#### Activity
Only the lines with "Double" in the entries below belong in the answer; please copy them.

----------

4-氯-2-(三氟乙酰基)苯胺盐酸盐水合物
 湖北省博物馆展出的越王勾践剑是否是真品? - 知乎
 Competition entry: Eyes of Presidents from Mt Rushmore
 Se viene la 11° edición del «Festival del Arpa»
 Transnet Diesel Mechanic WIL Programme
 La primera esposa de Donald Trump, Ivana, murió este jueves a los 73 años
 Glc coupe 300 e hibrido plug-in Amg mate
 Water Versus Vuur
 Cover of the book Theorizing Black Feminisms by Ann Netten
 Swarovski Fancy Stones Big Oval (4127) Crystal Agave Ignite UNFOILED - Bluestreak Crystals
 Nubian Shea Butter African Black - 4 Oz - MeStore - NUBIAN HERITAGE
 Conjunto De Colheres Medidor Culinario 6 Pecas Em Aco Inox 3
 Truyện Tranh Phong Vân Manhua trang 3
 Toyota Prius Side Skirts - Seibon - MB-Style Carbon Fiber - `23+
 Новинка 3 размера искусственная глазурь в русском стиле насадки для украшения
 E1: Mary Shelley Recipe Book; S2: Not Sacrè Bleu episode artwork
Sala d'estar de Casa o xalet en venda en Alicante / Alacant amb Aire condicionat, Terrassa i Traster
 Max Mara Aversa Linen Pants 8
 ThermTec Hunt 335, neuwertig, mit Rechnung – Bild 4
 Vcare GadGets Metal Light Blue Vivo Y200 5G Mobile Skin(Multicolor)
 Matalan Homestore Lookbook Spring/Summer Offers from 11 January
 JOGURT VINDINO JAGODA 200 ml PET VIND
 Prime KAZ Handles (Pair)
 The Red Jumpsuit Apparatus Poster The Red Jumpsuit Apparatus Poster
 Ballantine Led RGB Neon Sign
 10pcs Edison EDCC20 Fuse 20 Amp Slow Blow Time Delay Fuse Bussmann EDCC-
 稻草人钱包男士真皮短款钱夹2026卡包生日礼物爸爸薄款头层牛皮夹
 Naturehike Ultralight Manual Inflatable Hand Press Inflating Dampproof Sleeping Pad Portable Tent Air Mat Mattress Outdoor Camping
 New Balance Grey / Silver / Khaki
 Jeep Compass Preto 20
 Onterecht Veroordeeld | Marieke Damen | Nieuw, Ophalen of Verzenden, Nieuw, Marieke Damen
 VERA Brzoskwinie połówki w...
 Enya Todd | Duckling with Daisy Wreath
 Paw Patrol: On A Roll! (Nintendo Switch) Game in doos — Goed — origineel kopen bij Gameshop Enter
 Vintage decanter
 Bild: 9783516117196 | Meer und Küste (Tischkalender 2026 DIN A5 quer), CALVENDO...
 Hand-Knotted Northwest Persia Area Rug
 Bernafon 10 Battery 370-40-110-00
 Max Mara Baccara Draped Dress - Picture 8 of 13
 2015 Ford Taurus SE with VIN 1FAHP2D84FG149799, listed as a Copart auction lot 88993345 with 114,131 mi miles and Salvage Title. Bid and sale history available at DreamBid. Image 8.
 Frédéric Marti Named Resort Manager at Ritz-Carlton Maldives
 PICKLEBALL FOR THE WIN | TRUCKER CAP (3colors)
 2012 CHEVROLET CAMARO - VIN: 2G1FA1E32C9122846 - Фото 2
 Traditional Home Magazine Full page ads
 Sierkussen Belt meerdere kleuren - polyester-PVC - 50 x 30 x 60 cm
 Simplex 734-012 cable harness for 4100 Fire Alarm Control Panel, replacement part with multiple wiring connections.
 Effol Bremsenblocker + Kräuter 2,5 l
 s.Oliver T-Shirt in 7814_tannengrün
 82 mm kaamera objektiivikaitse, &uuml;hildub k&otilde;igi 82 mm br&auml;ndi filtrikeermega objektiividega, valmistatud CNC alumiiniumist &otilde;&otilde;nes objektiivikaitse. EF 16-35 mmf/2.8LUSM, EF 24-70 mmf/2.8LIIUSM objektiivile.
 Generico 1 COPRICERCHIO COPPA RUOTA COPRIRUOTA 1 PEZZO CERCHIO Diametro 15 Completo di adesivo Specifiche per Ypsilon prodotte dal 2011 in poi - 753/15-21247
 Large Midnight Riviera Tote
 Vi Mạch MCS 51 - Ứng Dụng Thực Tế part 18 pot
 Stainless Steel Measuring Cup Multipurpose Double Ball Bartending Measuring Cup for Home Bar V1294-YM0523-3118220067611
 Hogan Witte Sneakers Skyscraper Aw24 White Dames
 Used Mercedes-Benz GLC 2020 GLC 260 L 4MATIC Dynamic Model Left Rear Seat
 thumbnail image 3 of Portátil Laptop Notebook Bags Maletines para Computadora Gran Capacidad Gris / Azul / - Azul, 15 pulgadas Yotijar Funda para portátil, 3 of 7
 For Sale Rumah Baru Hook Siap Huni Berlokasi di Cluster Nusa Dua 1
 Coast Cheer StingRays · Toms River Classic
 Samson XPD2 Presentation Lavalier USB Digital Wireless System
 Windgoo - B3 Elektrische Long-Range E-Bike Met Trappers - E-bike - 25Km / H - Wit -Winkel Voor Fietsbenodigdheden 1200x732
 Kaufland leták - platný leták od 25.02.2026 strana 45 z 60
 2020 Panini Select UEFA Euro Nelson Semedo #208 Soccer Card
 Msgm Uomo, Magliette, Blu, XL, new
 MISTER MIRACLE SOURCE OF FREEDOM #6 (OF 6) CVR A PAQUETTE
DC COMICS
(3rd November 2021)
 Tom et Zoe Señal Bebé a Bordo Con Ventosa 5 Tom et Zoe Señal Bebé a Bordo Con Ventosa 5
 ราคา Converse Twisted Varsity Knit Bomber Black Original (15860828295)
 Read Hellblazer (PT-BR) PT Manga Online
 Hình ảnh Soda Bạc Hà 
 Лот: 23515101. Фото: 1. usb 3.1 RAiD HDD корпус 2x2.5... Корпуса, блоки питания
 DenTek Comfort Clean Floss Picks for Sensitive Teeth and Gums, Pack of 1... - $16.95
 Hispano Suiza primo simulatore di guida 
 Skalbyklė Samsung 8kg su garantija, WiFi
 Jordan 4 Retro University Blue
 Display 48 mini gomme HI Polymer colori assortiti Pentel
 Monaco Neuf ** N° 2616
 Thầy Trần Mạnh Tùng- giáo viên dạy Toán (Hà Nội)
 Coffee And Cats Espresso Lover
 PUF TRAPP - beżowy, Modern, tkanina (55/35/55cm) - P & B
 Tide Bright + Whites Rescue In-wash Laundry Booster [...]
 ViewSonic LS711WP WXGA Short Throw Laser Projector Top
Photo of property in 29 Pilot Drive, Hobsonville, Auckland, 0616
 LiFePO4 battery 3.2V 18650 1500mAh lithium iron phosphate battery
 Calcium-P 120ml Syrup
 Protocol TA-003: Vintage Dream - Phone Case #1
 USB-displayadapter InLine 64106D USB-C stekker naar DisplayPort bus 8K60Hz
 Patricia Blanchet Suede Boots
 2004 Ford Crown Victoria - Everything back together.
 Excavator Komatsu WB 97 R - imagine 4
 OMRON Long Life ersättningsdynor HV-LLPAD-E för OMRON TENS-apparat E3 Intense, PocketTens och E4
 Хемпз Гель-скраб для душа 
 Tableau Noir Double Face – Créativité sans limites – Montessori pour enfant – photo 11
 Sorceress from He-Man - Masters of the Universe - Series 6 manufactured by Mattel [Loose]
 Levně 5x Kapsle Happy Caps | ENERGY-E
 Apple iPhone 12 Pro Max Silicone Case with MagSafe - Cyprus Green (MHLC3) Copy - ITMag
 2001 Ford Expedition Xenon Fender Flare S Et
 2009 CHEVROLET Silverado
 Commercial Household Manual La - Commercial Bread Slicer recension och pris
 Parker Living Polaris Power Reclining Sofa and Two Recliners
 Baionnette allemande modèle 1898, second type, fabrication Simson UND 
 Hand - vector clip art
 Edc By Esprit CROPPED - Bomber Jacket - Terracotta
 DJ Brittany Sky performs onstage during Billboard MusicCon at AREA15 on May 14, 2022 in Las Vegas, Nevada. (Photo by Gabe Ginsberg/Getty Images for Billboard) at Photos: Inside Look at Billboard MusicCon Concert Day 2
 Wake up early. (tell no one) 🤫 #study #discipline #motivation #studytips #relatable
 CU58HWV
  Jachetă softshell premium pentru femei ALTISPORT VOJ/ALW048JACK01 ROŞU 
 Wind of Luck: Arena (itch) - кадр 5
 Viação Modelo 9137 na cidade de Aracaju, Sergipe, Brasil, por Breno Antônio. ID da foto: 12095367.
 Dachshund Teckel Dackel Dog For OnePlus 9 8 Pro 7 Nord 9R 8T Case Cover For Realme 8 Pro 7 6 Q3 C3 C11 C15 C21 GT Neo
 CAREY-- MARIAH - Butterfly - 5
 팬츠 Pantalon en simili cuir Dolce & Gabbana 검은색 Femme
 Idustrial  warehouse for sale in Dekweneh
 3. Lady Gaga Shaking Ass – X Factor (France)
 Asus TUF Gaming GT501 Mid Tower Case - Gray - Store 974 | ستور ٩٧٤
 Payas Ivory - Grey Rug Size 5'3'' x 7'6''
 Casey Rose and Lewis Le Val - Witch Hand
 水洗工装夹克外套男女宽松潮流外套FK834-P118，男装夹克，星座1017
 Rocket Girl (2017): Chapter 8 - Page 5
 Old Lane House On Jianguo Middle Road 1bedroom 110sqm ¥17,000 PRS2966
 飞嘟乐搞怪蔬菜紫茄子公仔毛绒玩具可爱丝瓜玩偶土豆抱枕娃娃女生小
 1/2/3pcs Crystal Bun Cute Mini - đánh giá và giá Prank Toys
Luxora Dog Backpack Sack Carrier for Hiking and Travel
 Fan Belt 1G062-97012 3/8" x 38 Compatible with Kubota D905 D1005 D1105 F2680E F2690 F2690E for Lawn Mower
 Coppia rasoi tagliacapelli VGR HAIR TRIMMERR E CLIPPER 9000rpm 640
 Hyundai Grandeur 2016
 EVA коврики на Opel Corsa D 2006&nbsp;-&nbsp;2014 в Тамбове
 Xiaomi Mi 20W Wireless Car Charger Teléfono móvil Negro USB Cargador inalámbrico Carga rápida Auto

----------

#### Solution
 Stainless Steel Measuring Cup Multipurpose Double Ball Bartending Measuring Cup for Home Bar V1294-YM0523-3118220067611
 Tableau Noir Double Face – Créativité sans limites – Montessori pour enfant – photo 11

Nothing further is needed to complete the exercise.